I'm a determined cuss about speed gains, and I'm kind of proud of myself
for figuring out a pretty nice one for this algorithm on long strings.
I realized as I did the analysis of the basic algorithm, that it's N^2
behavior, was really M*N, where N is the length of the string, and M is
the number of groups you're breaking it into.
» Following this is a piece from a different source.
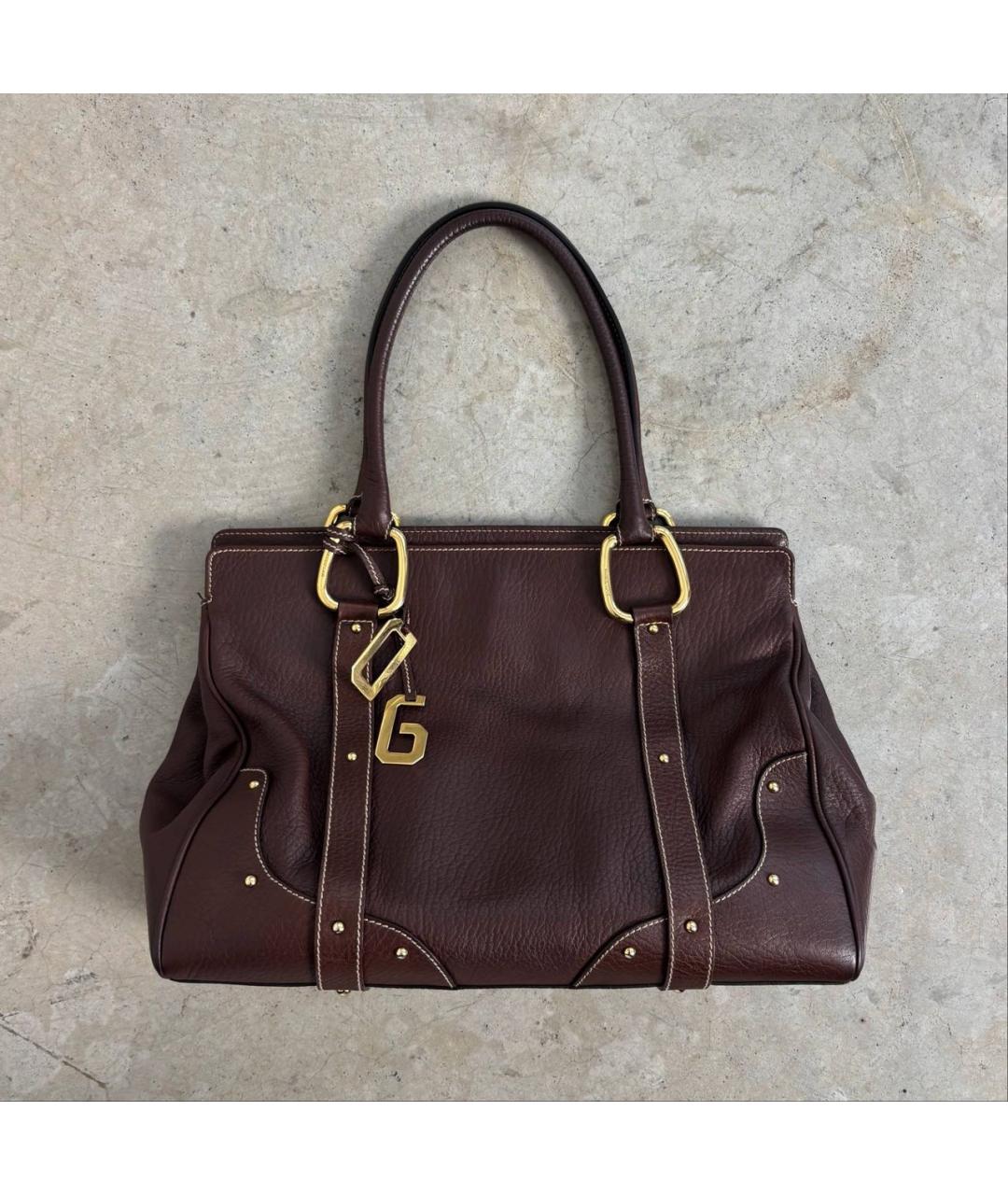 DOLCE&GABBANA Коричневая кожаная сумка тоут, фото 8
When the string is long
and the tokens are small, this approximates O(N^2)
So, I tried a recursive algorithm that looks at the number of groups
that would be coming out, and if it's too many, it breaks the long
string into a small number of groups then calls itself for each group
and concatenates everything.
Without knowing the implementation more precisely and doing analysis of
a scope I haven't done since taking algorithms, I can't be completely
sure that this is n*log(n), but it sure is lots faster than the standard
repeat loop, and in timing tests it appears to behave as O(n*log(n)).
This breaks a 30K character string (close to the largest AS can handle)
into a list of 4 character strings with one possibly smaller last string
in less than 10 seconds on my beige G3/233 desktop.
It does a 6K character string in just over 1 second.
Strings under 1000 characters are very fast (12 ticks or less).
Take that you linked list string implementors!
Anyway, I hope that's fast enough to be worth using.
The only way I can see to get much faster would be an osax.
Oh yeah -- here's the script:
What the heck, should I submit this to Applemods?
-- begin script ----------------------------------------------------
--
-- GroupTheString by Michael E. Sullivan ) 2001
-- Free to use, modify or distribute with full credit.
--
-- This will break a string into a list of strings that are numChars
-- long.
--
-- usage:
-- set aString to "0123456789"
-- set numChars to 4
-- set theList to GroupTheString(aString, numChars)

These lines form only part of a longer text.